Go through the data from its first line and retype each line, stopping once the line containing "Property at 122" has been retyped.

Stored entries:
===
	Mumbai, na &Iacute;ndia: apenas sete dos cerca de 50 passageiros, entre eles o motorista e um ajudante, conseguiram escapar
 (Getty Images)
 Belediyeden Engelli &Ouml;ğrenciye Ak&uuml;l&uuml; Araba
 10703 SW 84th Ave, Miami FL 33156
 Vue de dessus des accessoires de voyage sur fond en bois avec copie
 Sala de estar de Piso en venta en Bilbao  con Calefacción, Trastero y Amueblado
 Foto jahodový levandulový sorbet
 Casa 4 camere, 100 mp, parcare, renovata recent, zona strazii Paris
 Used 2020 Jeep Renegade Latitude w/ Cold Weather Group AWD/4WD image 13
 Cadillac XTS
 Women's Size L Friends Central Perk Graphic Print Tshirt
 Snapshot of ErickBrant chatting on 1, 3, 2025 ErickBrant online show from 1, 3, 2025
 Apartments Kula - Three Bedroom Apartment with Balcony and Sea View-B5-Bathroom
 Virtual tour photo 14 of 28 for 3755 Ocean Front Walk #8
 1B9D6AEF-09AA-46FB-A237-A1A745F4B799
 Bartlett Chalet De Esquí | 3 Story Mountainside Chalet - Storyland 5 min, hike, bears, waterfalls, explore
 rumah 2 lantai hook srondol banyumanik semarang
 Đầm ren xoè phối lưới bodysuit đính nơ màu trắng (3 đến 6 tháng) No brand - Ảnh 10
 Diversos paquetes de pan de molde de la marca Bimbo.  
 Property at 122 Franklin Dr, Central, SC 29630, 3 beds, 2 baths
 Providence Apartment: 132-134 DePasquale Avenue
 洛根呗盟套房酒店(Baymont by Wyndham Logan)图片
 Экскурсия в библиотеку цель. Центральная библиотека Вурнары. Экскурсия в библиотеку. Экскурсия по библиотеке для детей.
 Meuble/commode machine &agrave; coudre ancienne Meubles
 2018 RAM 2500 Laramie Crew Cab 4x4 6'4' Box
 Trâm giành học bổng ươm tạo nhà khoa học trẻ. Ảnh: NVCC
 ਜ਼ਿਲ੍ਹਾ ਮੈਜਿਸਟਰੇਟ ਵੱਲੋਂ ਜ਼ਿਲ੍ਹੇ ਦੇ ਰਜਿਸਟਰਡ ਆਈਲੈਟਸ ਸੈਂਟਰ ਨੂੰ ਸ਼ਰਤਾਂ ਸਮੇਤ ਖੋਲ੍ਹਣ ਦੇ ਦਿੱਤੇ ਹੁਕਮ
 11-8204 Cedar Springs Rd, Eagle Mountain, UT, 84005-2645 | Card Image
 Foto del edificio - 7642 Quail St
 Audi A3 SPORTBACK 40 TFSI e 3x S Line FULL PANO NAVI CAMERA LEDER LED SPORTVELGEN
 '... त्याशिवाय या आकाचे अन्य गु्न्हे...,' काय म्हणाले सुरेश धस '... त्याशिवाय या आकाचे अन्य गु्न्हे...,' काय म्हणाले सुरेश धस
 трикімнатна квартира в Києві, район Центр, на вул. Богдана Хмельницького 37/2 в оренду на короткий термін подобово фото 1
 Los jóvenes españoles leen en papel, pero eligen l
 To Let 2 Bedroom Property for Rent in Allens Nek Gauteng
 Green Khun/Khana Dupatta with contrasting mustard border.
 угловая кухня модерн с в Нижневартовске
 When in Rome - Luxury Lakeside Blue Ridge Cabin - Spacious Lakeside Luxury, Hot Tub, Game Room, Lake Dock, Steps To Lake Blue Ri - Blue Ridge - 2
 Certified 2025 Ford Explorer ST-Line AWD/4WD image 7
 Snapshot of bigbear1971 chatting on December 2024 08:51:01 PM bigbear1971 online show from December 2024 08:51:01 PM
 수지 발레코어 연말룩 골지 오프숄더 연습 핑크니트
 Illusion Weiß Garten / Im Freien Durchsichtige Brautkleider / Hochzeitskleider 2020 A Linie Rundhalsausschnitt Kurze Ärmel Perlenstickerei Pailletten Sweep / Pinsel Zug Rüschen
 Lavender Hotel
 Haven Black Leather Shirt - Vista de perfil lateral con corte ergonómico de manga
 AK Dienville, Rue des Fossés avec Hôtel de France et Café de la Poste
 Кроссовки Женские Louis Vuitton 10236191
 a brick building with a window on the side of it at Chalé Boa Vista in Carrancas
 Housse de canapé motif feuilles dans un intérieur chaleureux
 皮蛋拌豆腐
===
EXERCISE RESPONSE →
	Mumbai, na &Iacute;ndia: apenas sete dos cerca de 50 passageiros, entre eles o motorista e um ajudante, conseguiram escapar
 (Getty Images)
 Belediyeden Engelli &Ouml;ğrenciye Ak&uuml;l&uuml; Araba
 10703 SW 84th Ave, Miami FL 33156
 Vue de dessus des accessoires de voyage sur fond en bois avec copie
 Sala de estar de Piso en venta en Bilbao  con Calefacción, Trastero y Amueblado
 Foto jahodový levandulový sorbet
 Casa 4 camere, 100 mp, parcare, renovata recent, zona strazii Paris
 Used 2020 Jeep Renegade Latitude w/ Cold Weather Group AWD/4WD image 13
 Cadillac XTS
 Women's Size L Friends Central Perk Graphic Print Tshirt
 Snapshot of ErickBrant chatting on 1, 3, 2025 ErickBrant online show from 1, 3, 2025
 Apartments Kula - Three Bedroom Apartment with Balcony and Sea View-B5-Bathroom
 Virtual tour photo 14 of 28 for 3755 Ocean Front Walk #8
 1B9D6AEF-09AA-46FB-A237-A1A745F4B799
 Bartlett Chalet De Esquí | 3 Story Mountainside Chalet - Storyland 5 min, hike, bears, waterfalls, explore
 rumah 2 lantai hook srondol banyumanik semarang
 Đầm ren xoè phối lưới bodysuit đính nơ màu trắng (3 đến 6 tháng) No brand - Ảnh 10
 Diversos paquetes de pan de molde de la marca Bimbo.  
 Property at 122 Franklin Dr, Central, SC 29630, 3 beds, 2 baths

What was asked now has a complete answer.